EXERCISE DIRECTIONS: Every line from the one containing "LV Medium Backpack" to the one containing "A home in Bellaire" in the records below, both included, must be set down exactly, and no other line.

[Opening DATASET ENTRIES section]

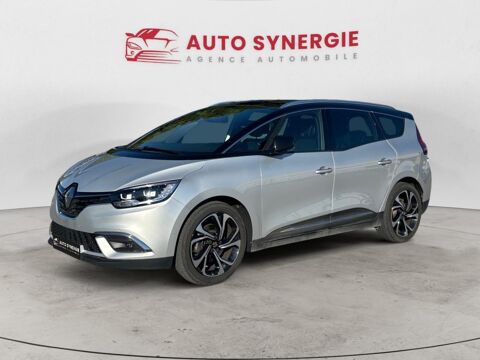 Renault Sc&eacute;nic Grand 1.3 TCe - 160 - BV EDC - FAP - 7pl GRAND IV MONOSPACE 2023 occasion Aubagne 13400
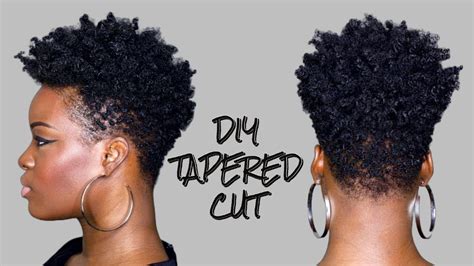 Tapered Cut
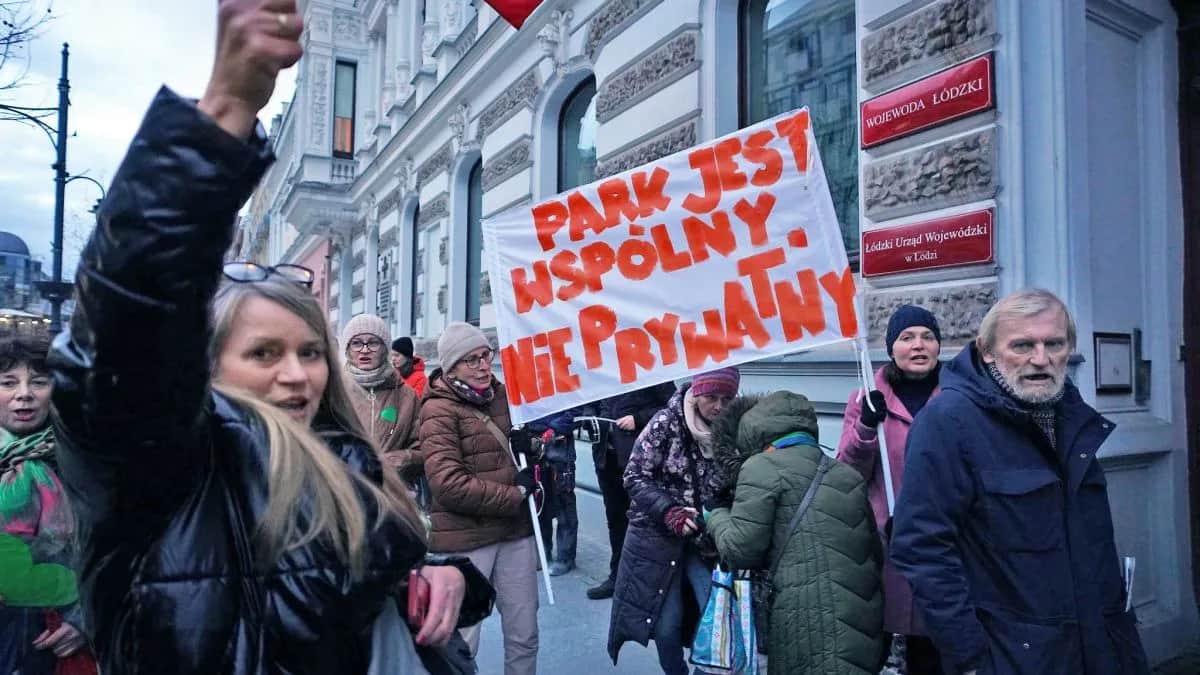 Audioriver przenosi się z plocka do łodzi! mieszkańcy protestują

[Closing DATASET ENTRIES section]
[Opening DATASET ENTRIES section]

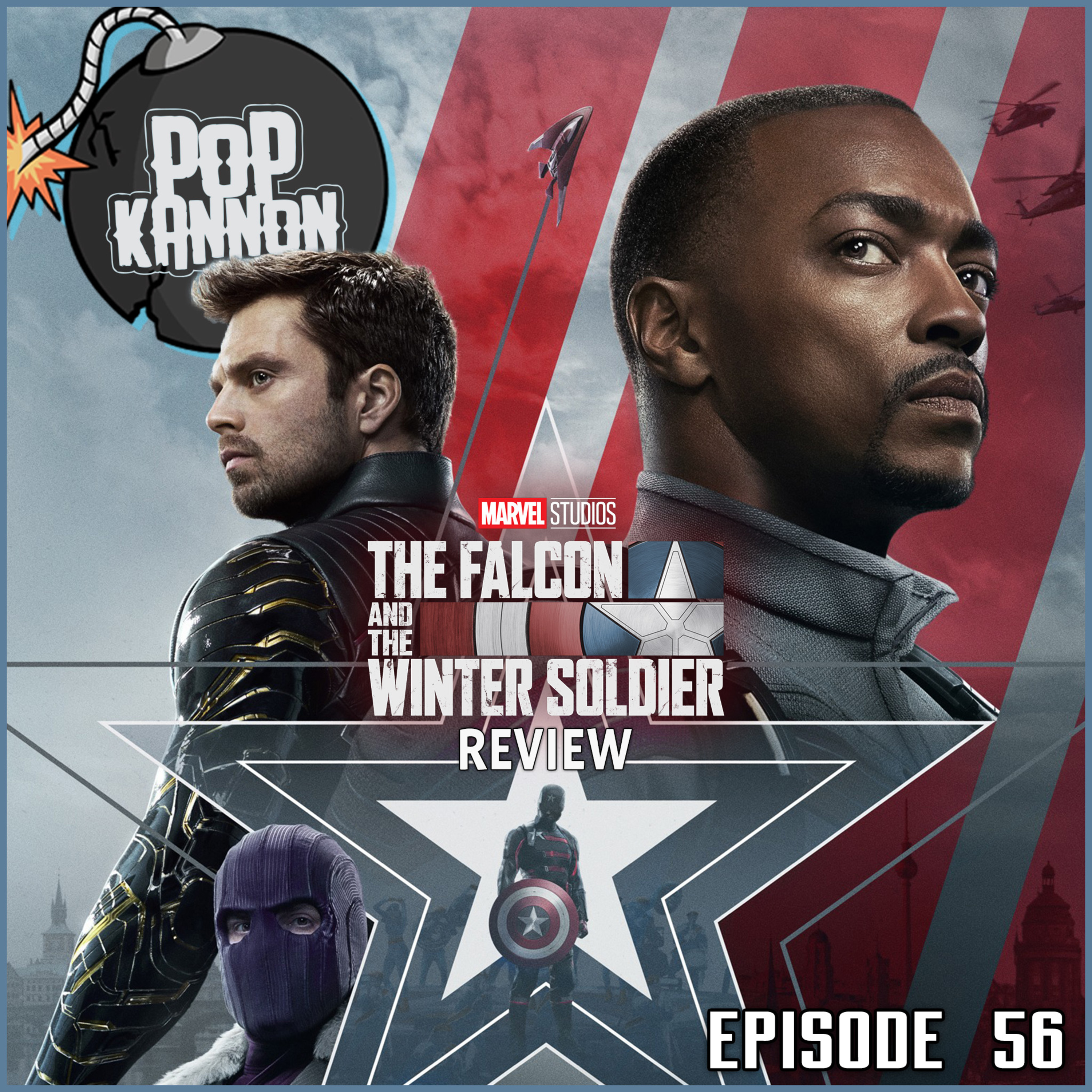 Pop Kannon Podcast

[Closing DATASET ENTRIES section]
[Opening DATASET ENTRIES section]

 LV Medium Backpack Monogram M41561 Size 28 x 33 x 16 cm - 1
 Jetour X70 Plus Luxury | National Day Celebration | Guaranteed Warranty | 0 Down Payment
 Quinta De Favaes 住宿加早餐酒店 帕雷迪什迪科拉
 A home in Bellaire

[Closing DATASET ENTRIES section]

ANSWER FOR THIS EXERCISE:
 LV Medium Backpack Monogram M41561 Size 28 x 33 x 16 cm - 1
 Jetour X70 Plus Luxury | National Day Celebration | Guaranteed Warranty | 0 Down Payment
 Quinta De Favaes 住宿加早餐酒店 帕雷迪什迪科拉
 A home in Bellaire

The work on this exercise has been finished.